Stored records
BEGIN

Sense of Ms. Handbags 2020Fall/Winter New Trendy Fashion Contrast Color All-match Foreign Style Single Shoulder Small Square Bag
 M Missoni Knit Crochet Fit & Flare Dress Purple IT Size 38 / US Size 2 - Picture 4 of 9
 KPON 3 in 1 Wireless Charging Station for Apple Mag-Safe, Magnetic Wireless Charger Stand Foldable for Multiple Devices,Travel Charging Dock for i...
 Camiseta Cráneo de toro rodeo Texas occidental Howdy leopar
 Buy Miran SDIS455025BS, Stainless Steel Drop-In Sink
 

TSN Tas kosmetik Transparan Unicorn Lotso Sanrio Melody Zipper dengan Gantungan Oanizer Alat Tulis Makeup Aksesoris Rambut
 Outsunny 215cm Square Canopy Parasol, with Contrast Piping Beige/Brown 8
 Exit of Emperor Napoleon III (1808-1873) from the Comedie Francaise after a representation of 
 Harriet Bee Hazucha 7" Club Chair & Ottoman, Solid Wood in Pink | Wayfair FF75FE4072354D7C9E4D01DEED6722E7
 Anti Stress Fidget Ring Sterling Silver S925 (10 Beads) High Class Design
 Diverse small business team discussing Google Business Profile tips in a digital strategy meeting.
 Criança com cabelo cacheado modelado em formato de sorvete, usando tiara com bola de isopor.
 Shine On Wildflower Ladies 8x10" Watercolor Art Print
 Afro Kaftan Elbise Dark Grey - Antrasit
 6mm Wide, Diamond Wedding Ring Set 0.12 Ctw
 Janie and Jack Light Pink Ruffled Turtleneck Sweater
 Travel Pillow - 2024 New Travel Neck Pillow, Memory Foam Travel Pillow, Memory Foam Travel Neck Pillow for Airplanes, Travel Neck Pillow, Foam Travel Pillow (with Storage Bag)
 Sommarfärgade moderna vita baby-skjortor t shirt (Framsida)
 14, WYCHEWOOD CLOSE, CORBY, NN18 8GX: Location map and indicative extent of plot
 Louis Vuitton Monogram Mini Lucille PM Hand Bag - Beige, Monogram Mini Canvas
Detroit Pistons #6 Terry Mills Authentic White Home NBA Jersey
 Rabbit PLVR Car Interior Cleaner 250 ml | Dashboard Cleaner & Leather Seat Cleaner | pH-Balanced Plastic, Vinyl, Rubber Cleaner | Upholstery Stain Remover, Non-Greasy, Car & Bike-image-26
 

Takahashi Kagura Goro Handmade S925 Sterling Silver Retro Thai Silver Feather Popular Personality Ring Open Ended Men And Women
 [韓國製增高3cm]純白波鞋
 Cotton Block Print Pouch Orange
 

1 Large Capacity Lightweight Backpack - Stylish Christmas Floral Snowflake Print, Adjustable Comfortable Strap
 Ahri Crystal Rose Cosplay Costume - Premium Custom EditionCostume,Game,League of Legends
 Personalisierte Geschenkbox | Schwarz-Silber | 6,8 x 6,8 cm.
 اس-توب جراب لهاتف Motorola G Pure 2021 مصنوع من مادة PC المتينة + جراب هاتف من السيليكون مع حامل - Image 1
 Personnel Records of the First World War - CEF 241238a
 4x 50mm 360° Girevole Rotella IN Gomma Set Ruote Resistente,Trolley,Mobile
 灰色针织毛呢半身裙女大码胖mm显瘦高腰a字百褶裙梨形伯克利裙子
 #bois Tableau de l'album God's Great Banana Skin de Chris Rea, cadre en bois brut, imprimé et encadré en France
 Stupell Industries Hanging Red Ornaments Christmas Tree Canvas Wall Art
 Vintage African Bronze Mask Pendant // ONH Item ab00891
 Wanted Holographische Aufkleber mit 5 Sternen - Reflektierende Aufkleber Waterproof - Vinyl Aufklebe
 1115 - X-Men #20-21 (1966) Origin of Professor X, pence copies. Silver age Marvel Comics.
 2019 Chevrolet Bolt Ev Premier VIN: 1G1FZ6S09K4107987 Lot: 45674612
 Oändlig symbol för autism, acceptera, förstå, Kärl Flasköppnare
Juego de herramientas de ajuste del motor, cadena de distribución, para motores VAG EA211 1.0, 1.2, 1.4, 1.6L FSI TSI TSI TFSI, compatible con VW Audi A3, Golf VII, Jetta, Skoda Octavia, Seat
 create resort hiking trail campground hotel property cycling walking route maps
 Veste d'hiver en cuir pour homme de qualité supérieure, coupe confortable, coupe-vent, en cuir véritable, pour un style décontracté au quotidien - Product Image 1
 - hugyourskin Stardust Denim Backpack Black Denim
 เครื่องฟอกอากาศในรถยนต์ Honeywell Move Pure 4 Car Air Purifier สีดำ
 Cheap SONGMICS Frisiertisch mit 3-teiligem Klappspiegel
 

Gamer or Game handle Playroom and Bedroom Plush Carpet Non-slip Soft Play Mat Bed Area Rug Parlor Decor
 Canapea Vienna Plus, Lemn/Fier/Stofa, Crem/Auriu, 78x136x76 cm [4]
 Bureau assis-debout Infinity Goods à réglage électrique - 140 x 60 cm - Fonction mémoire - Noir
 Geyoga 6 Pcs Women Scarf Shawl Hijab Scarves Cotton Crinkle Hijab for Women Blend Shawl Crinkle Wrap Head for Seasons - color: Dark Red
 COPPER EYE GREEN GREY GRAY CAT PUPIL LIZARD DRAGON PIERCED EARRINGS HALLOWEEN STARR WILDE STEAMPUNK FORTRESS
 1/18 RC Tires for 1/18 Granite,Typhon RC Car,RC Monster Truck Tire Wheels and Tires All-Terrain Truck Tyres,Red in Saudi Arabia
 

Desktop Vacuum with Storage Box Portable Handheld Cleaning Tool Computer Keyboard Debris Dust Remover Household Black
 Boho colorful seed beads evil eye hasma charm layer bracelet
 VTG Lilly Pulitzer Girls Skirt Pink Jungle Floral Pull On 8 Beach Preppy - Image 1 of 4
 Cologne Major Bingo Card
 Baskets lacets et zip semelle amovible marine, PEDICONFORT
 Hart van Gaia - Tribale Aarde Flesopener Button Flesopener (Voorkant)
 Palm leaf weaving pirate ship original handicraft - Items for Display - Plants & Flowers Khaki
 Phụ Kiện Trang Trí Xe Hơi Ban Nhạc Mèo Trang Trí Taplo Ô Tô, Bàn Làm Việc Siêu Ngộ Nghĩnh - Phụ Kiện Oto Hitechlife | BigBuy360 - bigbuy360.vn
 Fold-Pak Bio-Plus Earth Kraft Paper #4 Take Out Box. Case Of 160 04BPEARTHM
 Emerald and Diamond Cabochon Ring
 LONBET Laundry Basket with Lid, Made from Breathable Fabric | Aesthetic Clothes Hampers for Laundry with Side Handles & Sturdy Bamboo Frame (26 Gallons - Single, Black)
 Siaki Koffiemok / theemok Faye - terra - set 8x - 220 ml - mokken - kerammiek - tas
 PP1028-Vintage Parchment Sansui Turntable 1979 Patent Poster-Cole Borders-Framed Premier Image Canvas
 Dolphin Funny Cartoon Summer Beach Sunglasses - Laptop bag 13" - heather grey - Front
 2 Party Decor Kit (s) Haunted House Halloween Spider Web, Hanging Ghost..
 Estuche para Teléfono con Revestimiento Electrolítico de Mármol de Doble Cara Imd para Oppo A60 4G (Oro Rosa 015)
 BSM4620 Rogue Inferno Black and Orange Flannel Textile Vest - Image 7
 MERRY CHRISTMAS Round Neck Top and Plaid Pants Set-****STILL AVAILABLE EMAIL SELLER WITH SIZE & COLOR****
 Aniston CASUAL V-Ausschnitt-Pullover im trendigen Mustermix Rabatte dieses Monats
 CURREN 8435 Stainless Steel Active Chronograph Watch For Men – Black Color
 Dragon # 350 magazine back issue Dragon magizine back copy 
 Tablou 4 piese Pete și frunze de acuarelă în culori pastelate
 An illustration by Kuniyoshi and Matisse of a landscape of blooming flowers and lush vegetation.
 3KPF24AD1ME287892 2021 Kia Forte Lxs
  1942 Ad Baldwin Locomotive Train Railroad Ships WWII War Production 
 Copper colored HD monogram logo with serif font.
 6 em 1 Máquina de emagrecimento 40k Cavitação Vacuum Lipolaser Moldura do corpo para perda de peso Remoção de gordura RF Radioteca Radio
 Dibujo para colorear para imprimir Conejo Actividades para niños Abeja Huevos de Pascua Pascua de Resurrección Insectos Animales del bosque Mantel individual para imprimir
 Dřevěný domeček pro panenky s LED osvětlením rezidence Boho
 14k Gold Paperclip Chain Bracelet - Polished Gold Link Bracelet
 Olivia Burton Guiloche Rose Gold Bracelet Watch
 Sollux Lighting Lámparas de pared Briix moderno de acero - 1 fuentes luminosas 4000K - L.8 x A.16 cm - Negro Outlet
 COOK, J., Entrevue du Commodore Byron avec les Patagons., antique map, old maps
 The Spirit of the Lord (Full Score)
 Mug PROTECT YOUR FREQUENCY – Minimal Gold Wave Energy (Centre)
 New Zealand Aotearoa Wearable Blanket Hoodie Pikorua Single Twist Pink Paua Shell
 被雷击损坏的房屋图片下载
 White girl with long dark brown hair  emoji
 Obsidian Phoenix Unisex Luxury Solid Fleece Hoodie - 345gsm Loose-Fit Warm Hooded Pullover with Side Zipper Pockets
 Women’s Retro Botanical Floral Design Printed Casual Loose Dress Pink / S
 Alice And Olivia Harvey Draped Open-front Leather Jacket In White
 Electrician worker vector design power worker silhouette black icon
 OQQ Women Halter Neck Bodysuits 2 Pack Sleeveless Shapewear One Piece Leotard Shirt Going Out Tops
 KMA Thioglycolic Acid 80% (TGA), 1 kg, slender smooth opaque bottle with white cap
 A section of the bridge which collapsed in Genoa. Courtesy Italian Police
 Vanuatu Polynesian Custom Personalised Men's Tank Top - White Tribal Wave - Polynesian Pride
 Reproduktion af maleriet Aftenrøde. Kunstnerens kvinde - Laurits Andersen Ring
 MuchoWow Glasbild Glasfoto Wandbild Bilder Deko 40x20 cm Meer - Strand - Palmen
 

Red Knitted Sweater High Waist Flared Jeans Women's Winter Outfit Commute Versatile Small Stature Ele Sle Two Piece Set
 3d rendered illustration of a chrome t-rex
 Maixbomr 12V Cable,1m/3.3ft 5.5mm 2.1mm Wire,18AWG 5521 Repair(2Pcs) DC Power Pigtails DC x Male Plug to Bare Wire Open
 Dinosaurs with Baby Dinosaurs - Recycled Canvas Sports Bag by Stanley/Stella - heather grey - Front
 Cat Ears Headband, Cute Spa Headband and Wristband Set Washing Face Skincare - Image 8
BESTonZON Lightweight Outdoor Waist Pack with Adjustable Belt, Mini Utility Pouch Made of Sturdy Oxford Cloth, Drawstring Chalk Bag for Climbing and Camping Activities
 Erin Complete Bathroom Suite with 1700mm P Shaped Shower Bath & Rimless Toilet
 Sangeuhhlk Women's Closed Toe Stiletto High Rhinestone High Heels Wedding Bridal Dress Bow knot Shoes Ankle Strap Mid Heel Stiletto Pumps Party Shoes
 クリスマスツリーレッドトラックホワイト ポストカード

END

TRY IT ▸ In the reply, include exactly the lines from the beginning of the entries above through the line holding "Janie and Jack", and nothing besides.

TASK OUTPUT ▸
Sense of Ms. Handbags 2020Fall/Winter New Trendy Fashion Contrast Color All-match Foreign Style Single Shoulder Small Square Bag
 M Missoni Knit Crochet Fit & Flare Dress Purple IT Size 38 / US Size 2 - Picture 4 of 9
 KPON 3 in 1 Wireless Charging Station for Apple Mag-Safe, Magnetic Wireless Charger Stand Foldable for Multiple Devices,Travel Charging Dock for i...
 Camiseta Cráneo de toro rodeo Texas occidental Howdy leopar
 Buy Miran SDIS455025BS, Stainless Steel Drop-In Sink
 

TSN Tas kosmetik Transparan Unicorn Lotso Sanrio Melody Zipper dengan Gantungan Oanizer Alat Tulis Makeup Aksesoris Rambut
 Outsunny 215cm Square Canopy Parasol, with Contrast Piping Beige/Brown 8
 Exit of Emperor Napoleon III (1808-1873) from the Comedie Francaise after a representation of 
 Harriet Bee Hazucha 7" Club Chair & Ottoman, Solid Wood in Pink | Wayfair FF75FE4072354D7C9E4D01DEED6722E7
 Anti Stress Fidget Ring Sterling Silver S925 (10 Beads) High Class Design
 Diverse small business team discussing Google Business Profile tips in a digital strategy meeting.
 Criança com cabelo cacheado modelado em formato de sorvete, usando tiara com bola de isopor.
 Shine On Wildflower Ladies 8x10" Watercolor Art Print
 Afro Kaftan Elbise Dark Grey - Antrasit
 6mm Wide, Diamond Wedding Ring Set 0.12 Ctw
 Janie and Jack Light Pink Ruffled Turtleneck Sweater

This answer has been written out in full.